Der „Khartum-Prozess“
Präsidenten wie die von Simbabwe oder Gambia sind insgeheim wohl ganz froh, wenn aufsässige Elemente und überzählige Mäuler das Land verlassen. Das Flüchtlingsproblem, heißt es bei der EU, ist langfristig nur durch Zusammenarbeit mit afrikanischen Regierungen bei der Bekämpfung der Fluchtursachen zu lösen. Was aber, wenn diese Regierung selbst Fluchtursachen sind?

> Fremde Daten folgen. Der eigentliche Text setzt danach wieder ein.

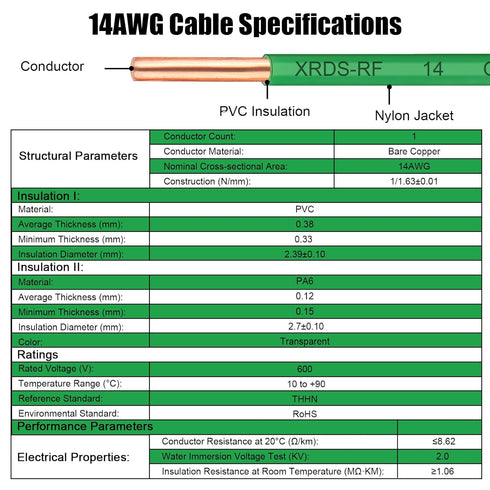 14 75FT AWG THHN Wire Single Bare Copper Conductor, Green Electrical Building Wire with Nylon Insulation for Panel
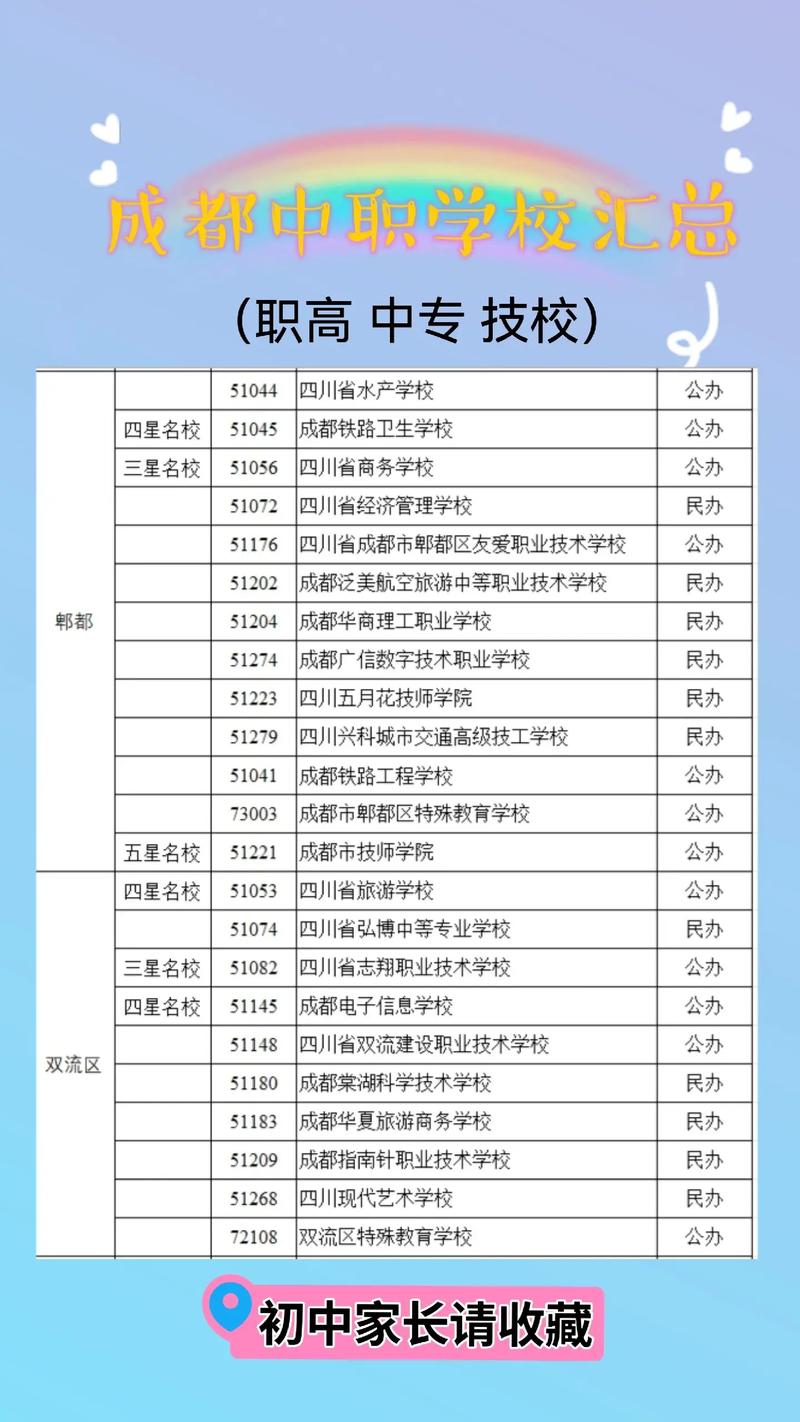 成都市礼仪职业中学招生联系方式-成都市礼仪职业中学招生办电话?-第1张图片-职教招生网 成都市礼仪职业中学招生联系方式-成都市礼仪职业中学招生办电话?-第1张图片-职教招生网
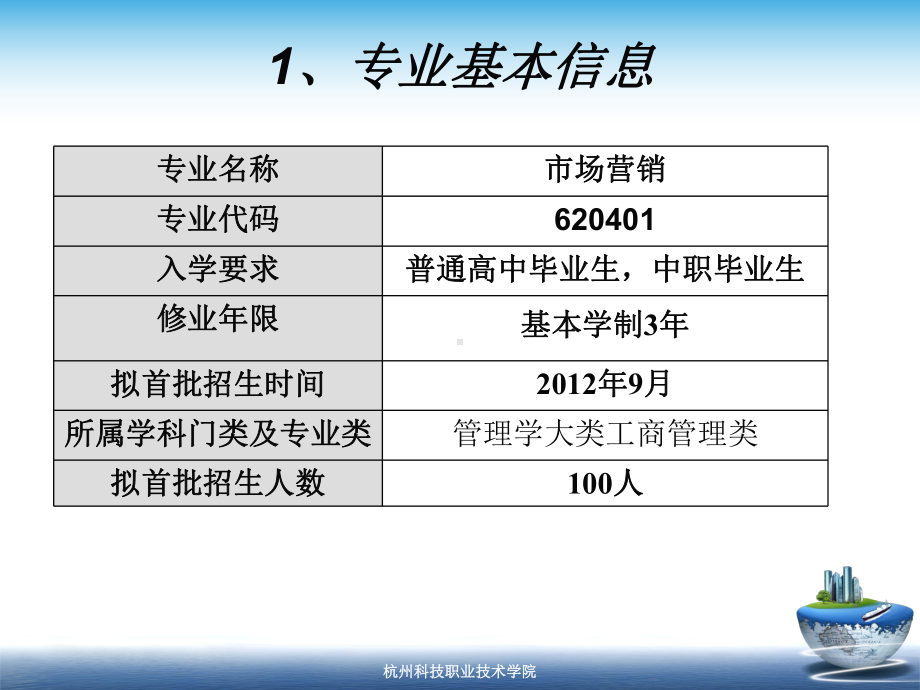 高职市场营销专业申报ppt课件.ppt_第3页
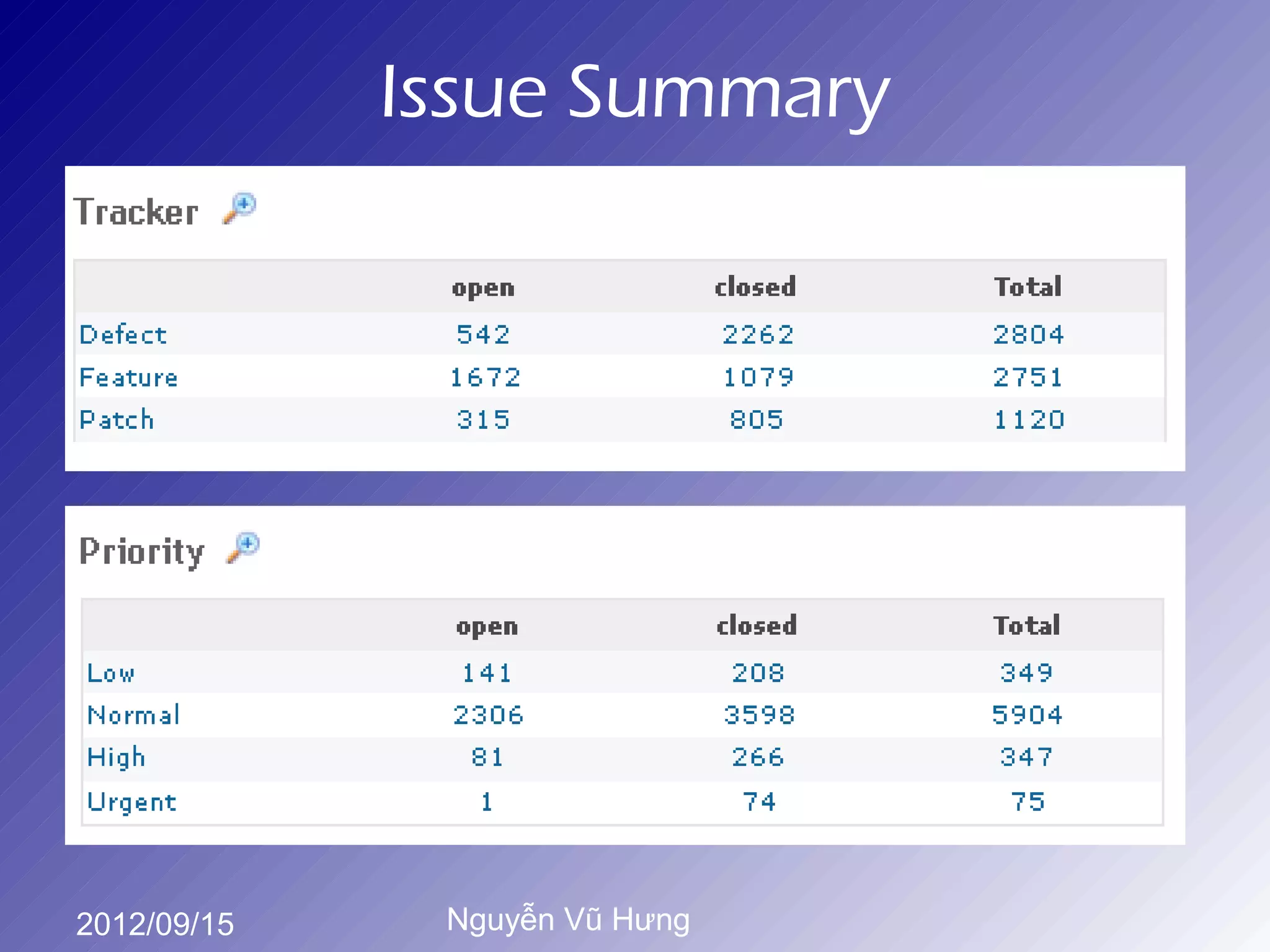 Issue Summary




2012/09/15    Nguyễn Vũ Hưng
 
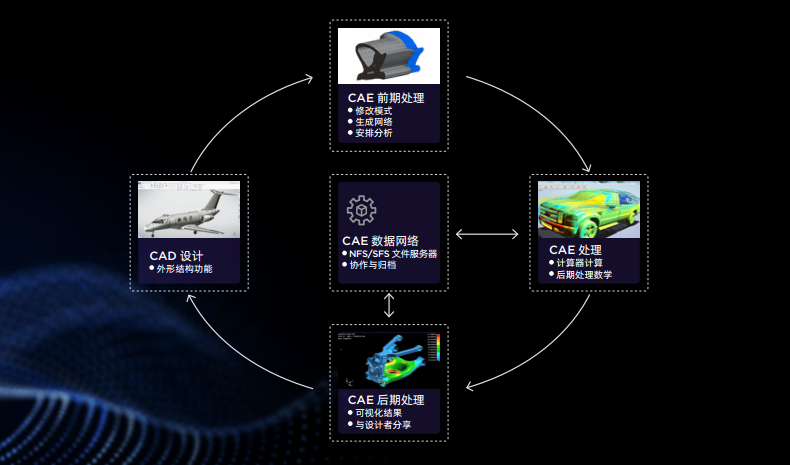 CAD/CAE應(yīng)用中工作流程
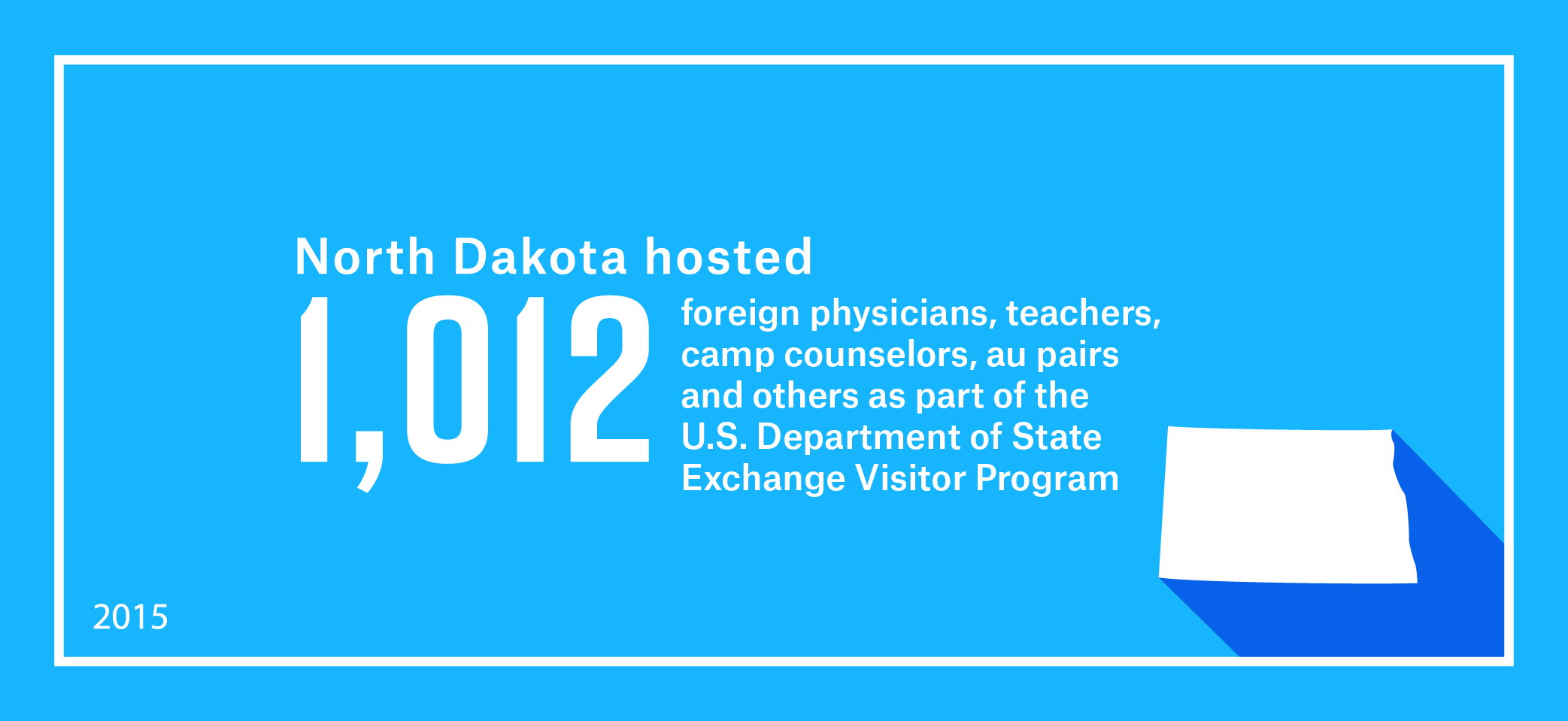 North Dakota hosted 1,012 foreign physicians, teachers, camp counselors, au pairs and others as part of work and study-based Exchange Visitor Program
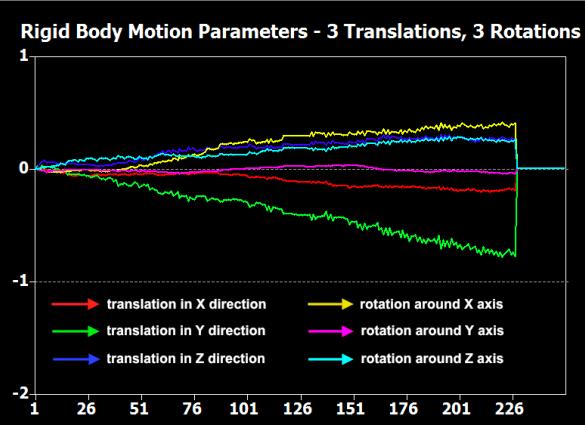 movement 6 parameter
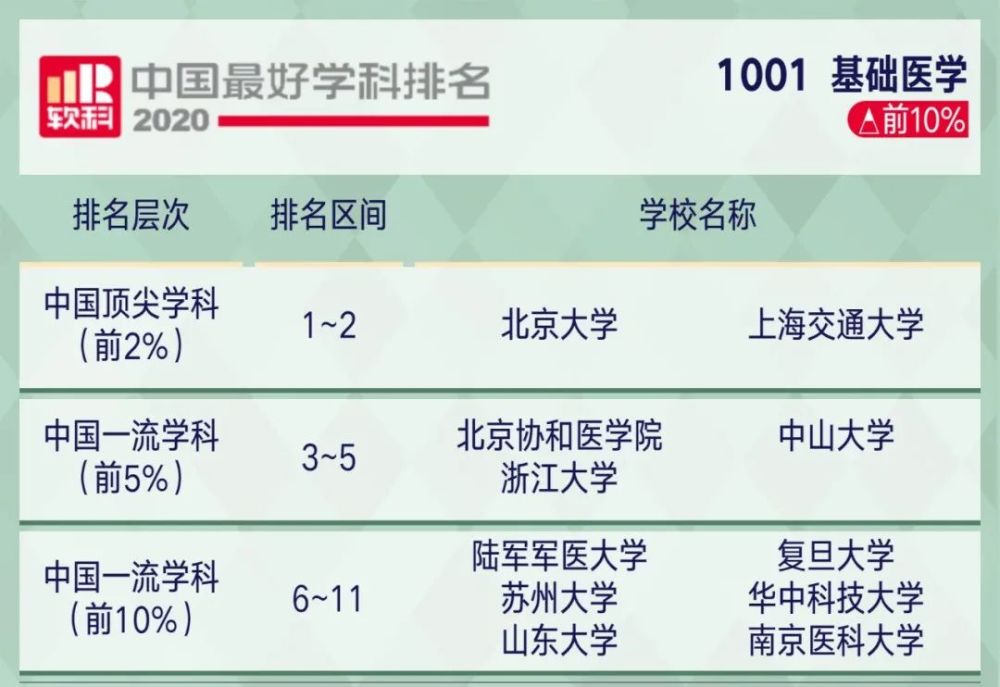 高考|2020年中国顶尖学科排行榜出炉！8所高校学科数超50！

Der Rahmen der AU zum Umgang mit Migration nach Europa ist der sogenannte „Khartum-Prozess“, den eine AU-Regionalkonferenz im Oktober 2014 in der Hauptstadt Sudans ins Leben rief. Bestätigt im November in Rom auf einem Treffen mit EU-Amtskollegen, zielt der Khartum-Prozess vor allem auf die Zerschlagung der „kriminellen Netzwerke“ ab, die „illegale“ Migration befördern und verhindern, dass die „potentiellen“ Vorteile einer „geregelten“ Migration zum Tragen kommen. Für die Zusammenarbeit mit Afrika beim Umgang mit der Massenflucht von Afrikanern nach Europa verlässt sich die EU also auf ein Konstrukt, das in der Hauptstadt eines Landes entstand, dessen Präsident noch immer vom Internationalen Strafgerichtshof unter dem Vorwurf des Völkermords an der eigenen Bevölkerung gesucht wird.
Am vergangenen Mittwoch gedachte die AU übrigens doch erstmals der vielen Flüchtlinge und Migranten, die bei ihrer Reise gestorben sind. Man müsse mehr tun, um das Risiko für Schmuggler zu erhöhen, erklärte AU-Sozialkommissar Olawale Maiyegun. Anders ausgedrückt: Flucht muss noch schwieriger und tödlicher werden. Kein Problem, beeilte sich Äthiopiens Vertreter beizuspringen: Man werde mit „Sensibilisierung“ beginnen. Ein paar christliche und muslimische Geistliche sprachen Gebete für die Toten. Weder Dlamini-Zuma noch Mugabe waren da. Fast alle Sitze im prächtigen AU-Plenarsaal in Addis Abeba blieben leer.